The solution is using local bees and breeding like a mad person, ferals, swarms, any bees that survived your last winter, (this guy has at least two hives that did that, these are now your local stock) and you multiply them.  You take those two hives and turn them into five or 20 or 50 if you have the ability and then you try again next year.  And when you get bees that survive consistently, then you work on other traits.  Many have tried what he tried, either with BeeWeaver's bees (outside of BeeWeaver's climate) or any other, dropped hundreds of dollars, and blew it.  All the time, I hear the argument "learn the basics and then try treatment-free" but in treatment-free, what I've outlined just here is the basics.  That's how it has to be done because that's just about the only way it really truly works.

If you want to know how to take two hives and make 50, I suggest grafting into a queenright cell builder (http://parkerfarms.biz/queenrearing.html).  The limiting factor is equipment and brood donors.  My equipment limits me to 27 nucs at a time.  Two hives will probably put a hard limit at about 10 nucs.  But if there are other hives to donate brood, the sky is the limit.  At this stage, you want unnatural increase (why this is treatment-free beekeeping and not "natural" beekeeping), to get as many new bees into your area as possible and let them figure out how to survive.  Many of them won't at first, but the more years of adaptation you have, the greater the strength of the result.

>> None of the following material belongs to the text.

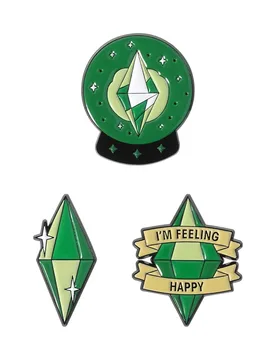 Virtual Games Brooch Enamel Pins Custom I Am Feeling Happy Metal Brooches Backpack Lapel Badge Funny Jewelry Gifts for Friends - Aliexpress - FashionsVida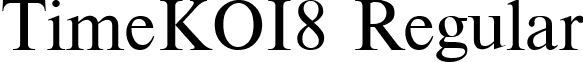 TimeKOI8 Regular font - TI_KOI8.ttf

I say this year was great.  I lost all the bees that aren't going to survive a tough winter.  And since I'm moving to Colorado, that's an important trait to have.  It happened to this guy and many other beekeepers too.  The mindset that all hives should survive every year is conventional thinking and treatment-free is never going to stand up to that metric.  That's not how it works in nature and it doesn't work that way in treatment-free.  There is and must be an ongoing winnowing process that does and must kill some hives every winter and every summer.  And some years, both summers and winters, are particularly harsh, but as this case has shown, there are always some that survive somewhere.  It may be very few that take years to repopulate the area (naturally) but you as the treatment-free beekeeper use these things to your advantage and use your methods of rapid increase (I call it "Expansion Model Beekeeping") to give the process a kick in the hind end.